_PROBLEM DESCRIPTION:_ The line containing "DOMAINE LUXUEUX D'HEBERGEMENTS" marks the end; write out exactly every line from the start of the data up to and including it, without the pictures.

--- DATA BELOW ---

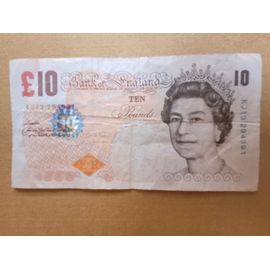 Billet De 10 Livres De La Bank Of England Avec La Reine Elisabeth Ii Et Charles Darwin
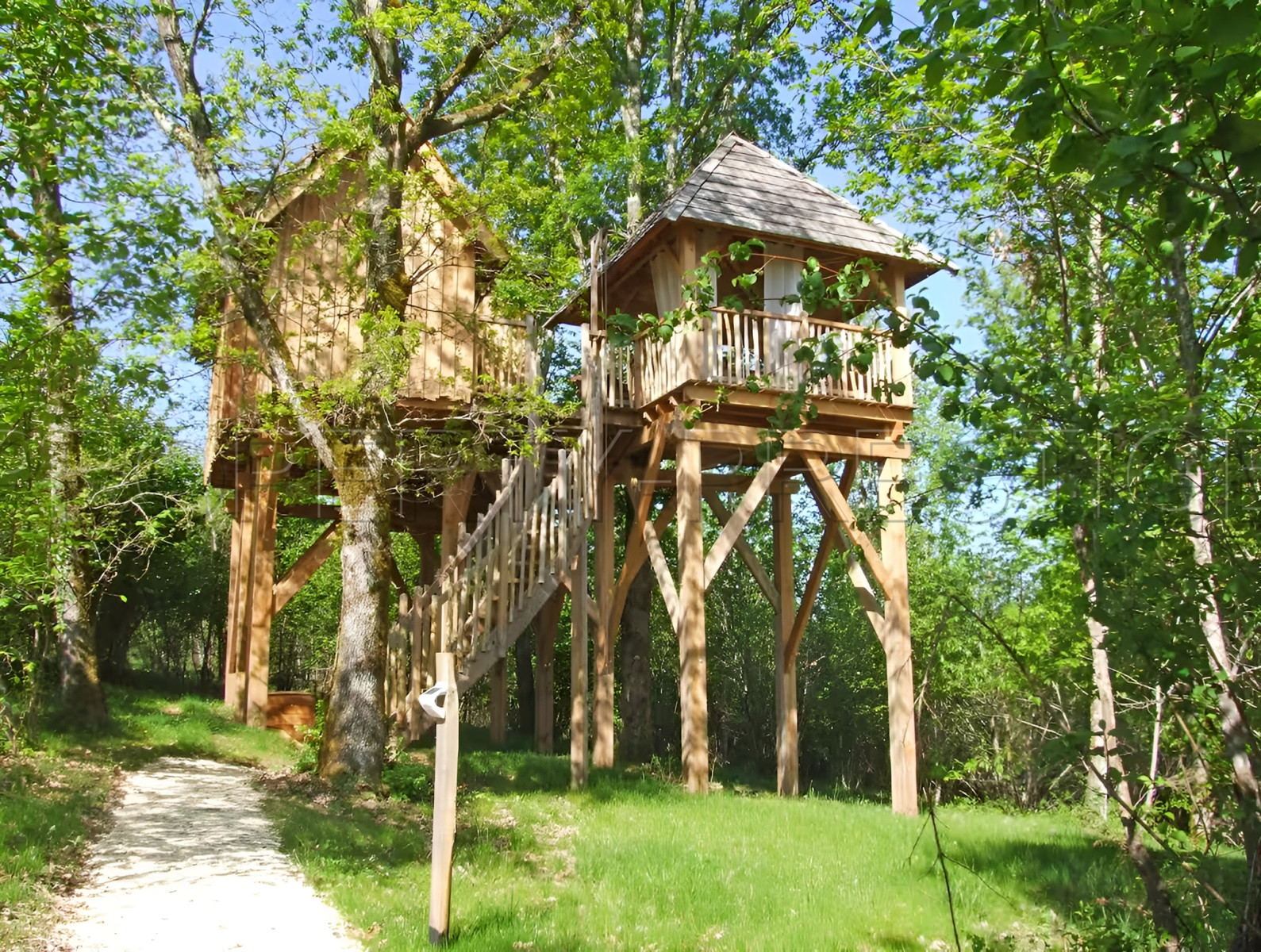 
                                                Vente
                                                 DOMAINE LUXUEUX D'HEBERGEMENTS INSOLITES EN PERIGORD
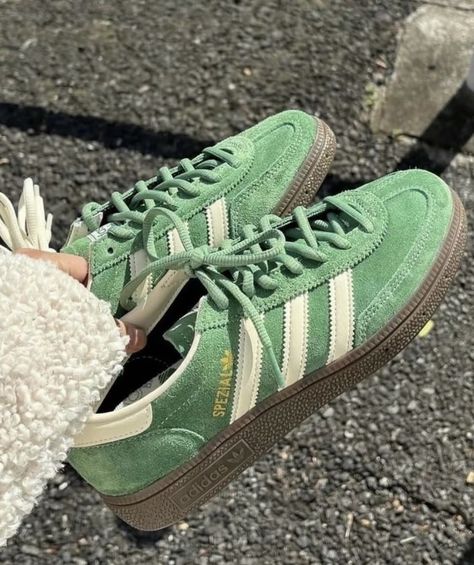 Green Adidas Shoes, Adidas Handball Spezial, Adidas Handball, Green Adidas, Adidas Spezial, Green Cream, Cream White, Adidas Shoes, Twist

---

_EXERCISE SOLUTION:_
 Billet De 10 Livres De La Bank Of England Avec La Reine Elisabeth Ii Et Charles Darwin
                                                Vente
                                                 DOMAINE LUXUEUX D'HEBERGEMENTS INSOLITES EN PERIGORD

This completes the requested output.